You can add your own template variables through each page's meta.json file, described below.

meta.json

meta.json serves as a list of keys and their values that will get replaced inside the page body. For instance, given a meta.json containing "hello": "World!" and a page.md that contained $hello, $hello would end up in the rendered page as World!. There are a few required keys, however:

  • template - this is the non-base template that the page should be rendered with.

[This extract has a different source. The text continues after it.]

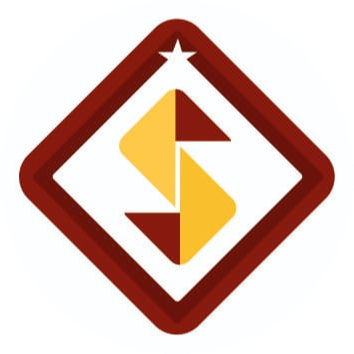 Shrifal Logo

There are some other keys with special meaning to Nimatic itself, namely:

  • title - this ends up as the title of the page passed along to the template. If not given, the name of the directory containing page.md will be used instead.
  • output-name - this is the filename of the page sans the .html extension. If not given, the name of the directory containing page.md will be used instead.
  • draft - if present, and set to true, then Nimatic will skip building this

page.md

This is a file containing Markdown that will become the page's body.

Metapages

Your site can have an optional metapages/ directory, holding metapages. A metapage is simply an executable file that Nimatic passes the metadata of every non-meta page it can find via stdin. The metapage should then output on its stdout JSON with the same format as the regular meta.json with an extra body key containing the Markdown body of the generated page. In other words, you can write programs in whatever language you like that generate pages for your static site, possibly based off of your site's metadata. For instance, you could write a program that generates a listing of all the tags used in your blog, and which blog entries use which tags.

Postprocessors

Your site can have an optional postprocessors/ directory, containing postprocessors. A postprocessor is similar to a metapage, in that it is an executable file - though for every compiled page (even ones generated by a metapage), Nimatic will pass it the contents of that page over stdin, and will overwrite the page's contents on disk with the output from the program's stdout. You can use this feature to further tweak and enhance the HTML of your pages to your liking after Nimatic has generated them.

Deploying/serving a site

Nimatic, by design, does not handle this step. I personally use and recommend rclone for deployment, and for local viewing/testing, I use Python 3's http.server module, via python3 -m http.server inside the build/ directory of my Nimatic site.

Build caching

Nimatic leaves a .nimatic-cache.json file in the root directory of your site's source (not in the build/ folder) that uses the last-modified time of your site's static pages to determine whether or not to build them next time it's called. Currently, metapages are built every time Nimatic is called without exception, as Nimatic has no way of knowing whether or not they should be rebuilt. If, for whatever reason, you want to trigger a full site rebuild from scratch, you can remove .nimatic-cache.json.